For all this talk about policing and domestic security, from #ACAB, the motte-and-bailey fallacy of “defund the police” to the Zoe Lee Buhler incident in Ballarat, it’s worth not overthinking this by going back to basics: Peelian principles.
“The Peelian principles summarise the ideas that Sir Robert Peel developed to define an ethical police force. The approach expressed in these principles is commonly known as policing by consent in the United Kingdom and other countries such as Canada, Australia and New Zealand.
In this model of policing, police officers are regarded as citizens in uniform. They exercise their powers to police their fellow citizens with the implicit consent of those fellow citizens. “Policing by consent” indicates that the legitimacy of policing in the eyes of the public is based upon a general consensus of support that follows from transparency about their powers, their integrity in exercising those powers and their accountability for doing so.
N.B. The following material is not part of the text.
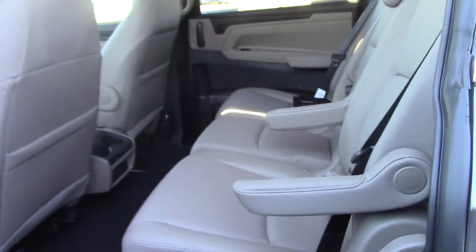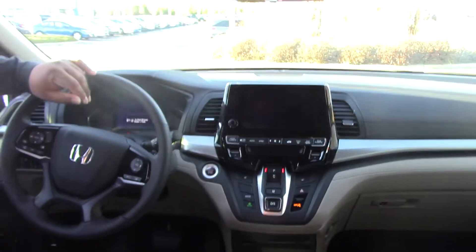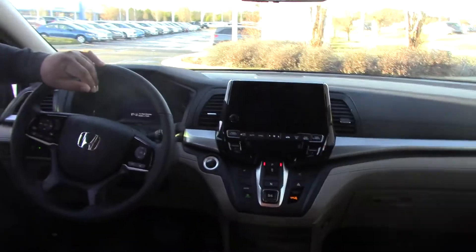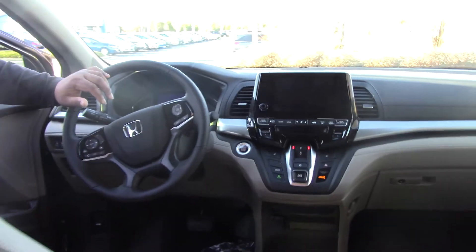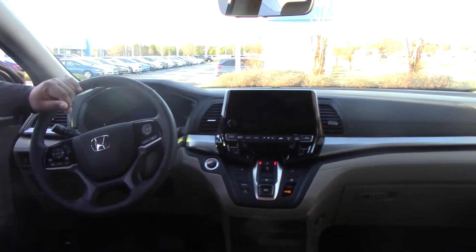We've got a beautiful ivory leather interior. It does have the magic slide seat. All new radio that supports Apple CarPlay and Android Auto. It does have the Honda Sensing feature so it's completely safe. Sunroof, blind spot detection, and warning lights. The backup camera.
In early 19th-century Britain, attempts by the government to set up a police force for London met with a lot of opposition. People were suspicious of the idea of a large and possibly armed police force, and feared that it could be used to suppress protest or support unpopular rule. Since 1793 Britain had been at war with France, home of the best-known, best-organised and best-paid police force at the time, as well as a secret and political police force, and many Britons were uncomfortable with any police force’s association with France. Most people did not think that it was the job of the national government to set up and control a police force, and thought it should be under local control.”
Someone should send this link to Dictator Dan.
“The concept of professional policing was taken up by Robert Peel when he became Home Secretary in 1822. Peel’s Metropolitan Police Act 1829 established a full-time, professional and centrally-organised police force for the Greater London area, known as the Metropolitan Police.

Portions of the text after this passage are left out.